Switzerland provides a good illustration of the fact that everyone can play football in the 21st century and that there are no bad teams left in international competitions. Between 1970 and 2000, this small country managed to qualify for the World Cup just once - in 1994. Since 2006, they have played regularly at the World Cup and have almost always reached the playoffs.
Switzerland is arguably the alma mater of continental football. It was from here that the new game started to spread from the UK to mainland Europe at the end of the 19th century. Supposedly Europe's first football club outside the UK was the Lausanne Football and Cricket Club.
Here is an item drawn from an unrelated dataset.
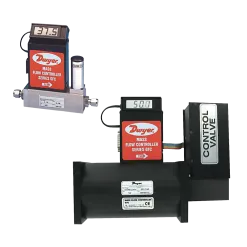 Dwyer GFC gas mass flow controller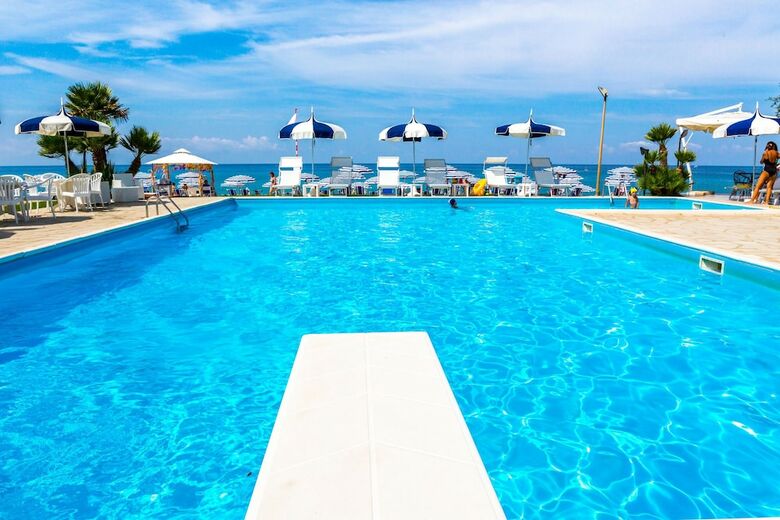 Hotel Poseidon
Later on, the graduates of Switzerland's elite schools brought the game home with them.
Switzerland made it to the round of 16 at the World Cup in 2006, 2014 and 2018, and played in the quarterfinals of Euro 2020.
The team qualified for the tournament with confidence, finishing first in a group that also included Italy, Northern Ireland, Bulgaria and Lithuania. Switzerland had two draws against the Italians and one against Northern Ireland, then won the rest of the matches, conceding just two goals in total.
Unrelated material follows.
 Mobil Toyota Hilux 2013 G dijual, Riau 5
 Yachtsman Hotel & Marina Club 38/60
Just before the start of the 2022 World Cup, Switzerland are 15th in the FIFA rankings.
According to ESPN journalists, midfield duo Granit Xhaka (Arsenal) and Remo Freuler (Nottingham Forest) will play a key role at the World Cup. The vulnerability of Switzerland may be in attack, and it is not a new problem for the team. In past years, the Swiss have lacked forwards with the quality of their midfielders, such as Xherdan Shaqiri and Gökhan Inler.
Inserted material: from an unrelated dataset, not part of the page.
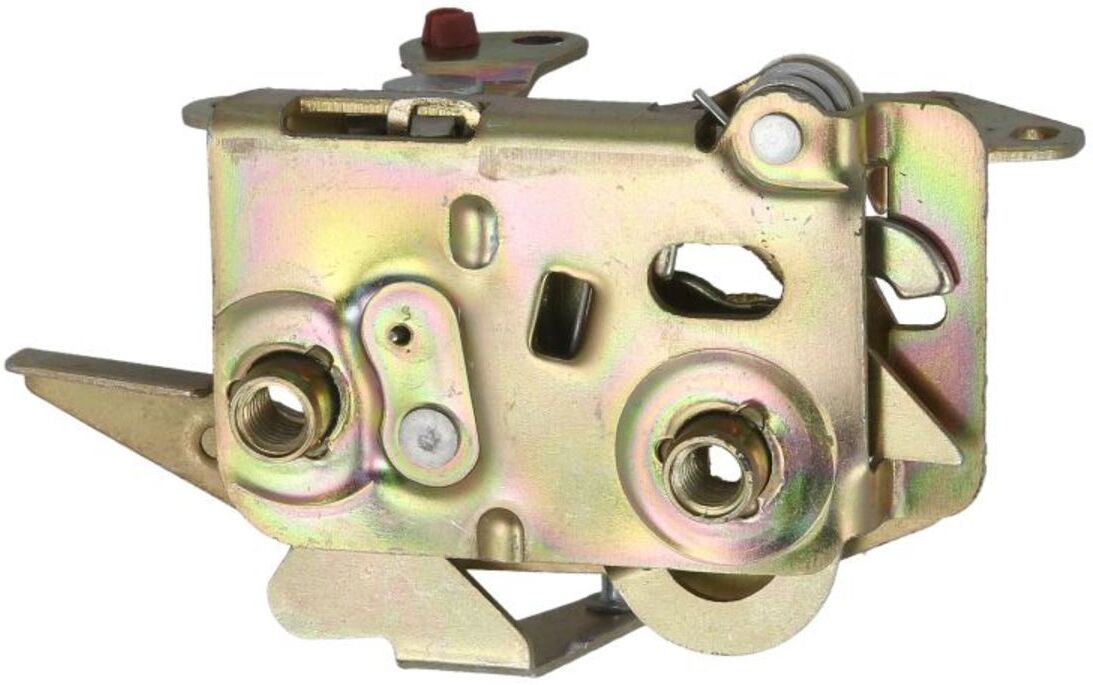 Türschloss PACOL IVE-DH-016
The experienced Haris Seferovic (Galatasaray), 22-year-old Noah Okafor (Salzburg) and Breel Embolo (Monaco) are claimed for a place in the attack. The former Bayern Munich and Liverpool midfielder Xherdan Shaqiri, 31, who transferred to MLS this season, is likely to be in the starting line-up.
Switzerland have a strong group, with Brazil, who are the main favourites to win the World Cup, Serbia and Cameroon.
It will be extremely difficult to take any points from the Brazilians, so Switzerland should rely on beating Serbia first. The bookmakers estimate the chances that Brazil will advance to the playoffs as almost 100%, while the Swiss and Serbs are around 50%, but the Swiss have a slightly higher chance.
Switzerland are lucky to start the tournament with a match against Cameroon and can get 3 points and an emotional boost straight away. Cameroon failed to qualify for the 2018 World Cup and lost all three matches in the group stage in 2014. According to bookmakers, the Africans' chances of qualifying for the round of 16 are below 25%.
The match between Serbia and Switzerland will be the last game in the group and is likely to decide who will play in the playoffs.